▸ Data segment
—————

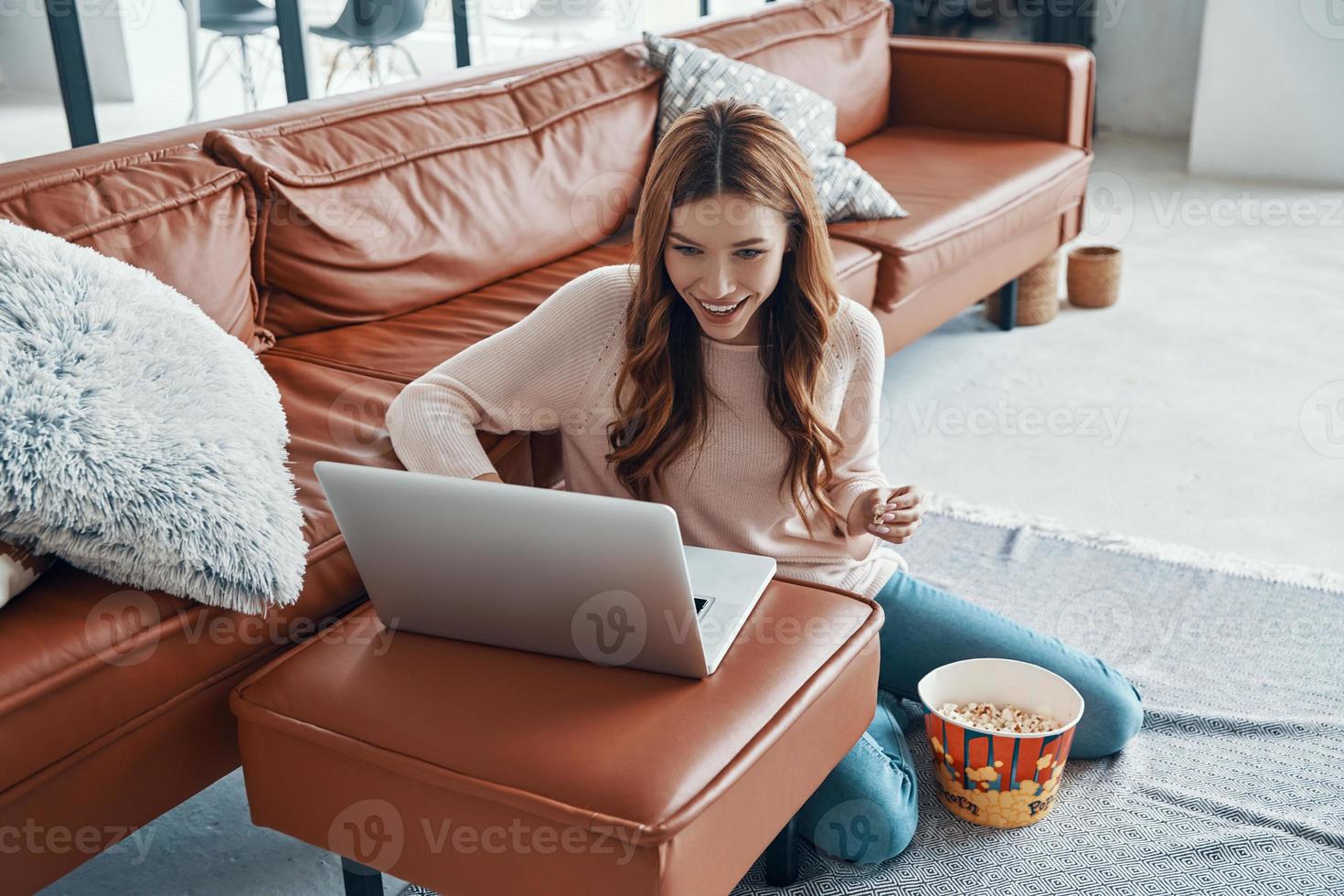 Attractive young woman using laptop and eating popcorn while spending time at home photo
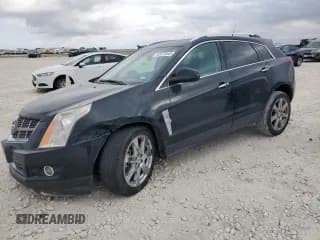 ✅ 2012 Cadillac SRX Performance Collection • VIN: 3GYFNEE39CS594753 • Lot: 92873555. Wystawiony na Copart z przebiegiem 151 617 mil. Bezpłatny archiwum sprzedaży aukcyjnych z USA i szczegółowy raport historii pojazdu na DreamBid. Zdjęcie 1.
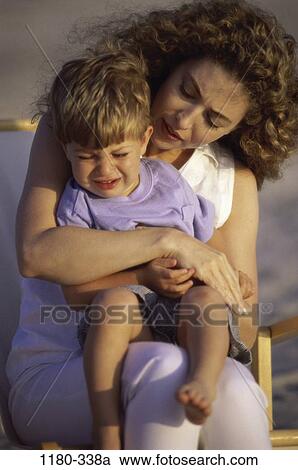 Stock Image - people, sitting, mother, calm, holding, outdoors, family. Fotosearch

—————

Please return the lines from the line with "DreamBid. Zdjęcie 1." through the last line of the data, both included, exactly, and without pictures.

 ✅ 2012 Cadillac SRX Performance Collection • VIN: 3GYFNEE39CS594753 • Lot: 92873555. Wystawiony na Copart z przebiegiem 151 617 mil. Bezpłatny archiwum sprzedaży aukcyjnych z USA i szczegółowy raport historii pojazdu na DreamBid. Zdjęcie 1.
 Stock Image - people, sitting, mother, calm, holding, outdoors, family. Fotosearch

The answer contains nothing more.